I want to create an array of instances of class A


A* arrA = new A[5];

This works fine.

Another situation with class B

class B
{
public:
B(int v);

private:
int secret;
};


I want to create an array of instances of class B. But how can we pass the constructor parameter in the new operator ???

B* arrB = new B[5]; <----- error, how to pass the parameters in this situation



Anyone give me an answer ?

tashirosgt
23rd September 2004, 08:31 PM
I tried a simple example and the syntax
B* arrB = new B[5](3);
works to pass the parameter 3 .
I don't know it this is supposed to work in C++, but g++ accepts it.

PompeyBlue
24th September 2004, 09:09 AM
I remember asking this exact same question when I started learning C++.

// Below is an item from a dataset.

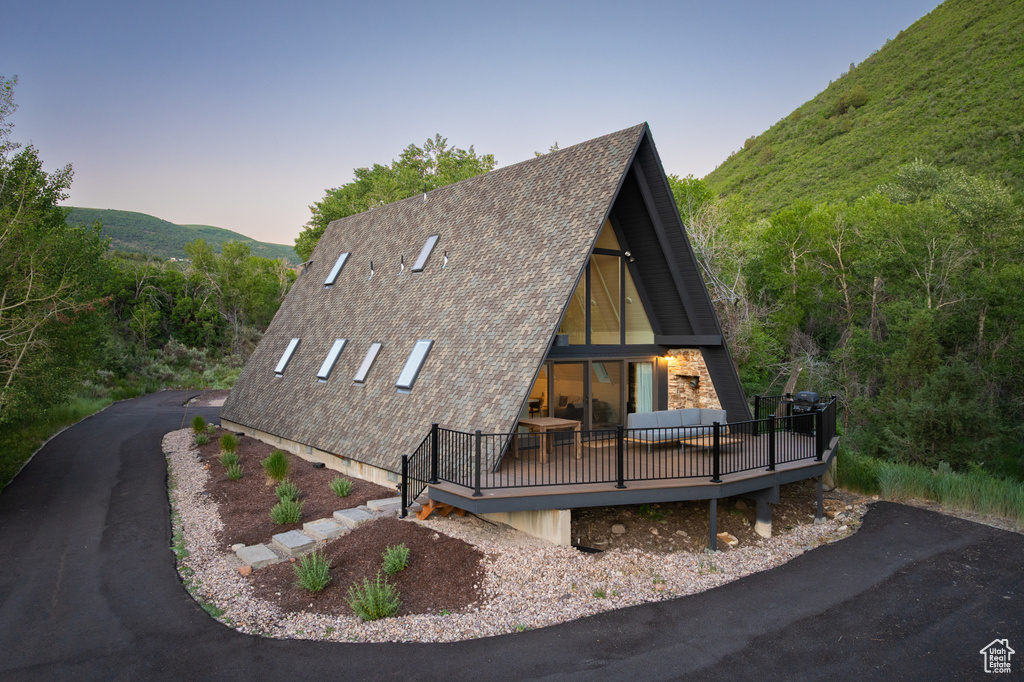 A-frame home featuring a deck with mountain view and a shingled roof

The short answer is, you can't do it. You can't create an array of classes each with their own constructor.

However, just from my own experience, C++ is awful for allowing you to do things behind your back. Constructors, when not explicity called, can mean other programmers are making incorrect assumptions as to what happens when you instance a class. IMHO it's good practice to explicitly delcare a "Construct" member which you use instead of a constructor. I.e.

A * lpMyNewClass = new A;

lpMyNewClass->Consutrct();

Any programmer who looks at your code is aware there is a constructor there and that some sort of action is taking place. Maybe they should check it out, maybe constructing a class is an expensive hobby they should not be doing in real time, maybe it's allocating vast quantities of memory, either way, it's just letting others know your class is doing some processing. However, something like:

A * lpMyNewClass = new A;

Doesn't, but I guess in your case

A * lpMyNewClasses[5] = new A[5](3);

Warns others, but as you've found, you can't call each class with a seperate constructor.

mnguyen
24th September 2004, 07:36 PM
Hi guys,

I checked the book of Bjarne Stroustrup, it said that this can be done for ONLY DEFAULT CONSTRUCTOR. The class B did not have a default constructor, so there is no way to create an array of B.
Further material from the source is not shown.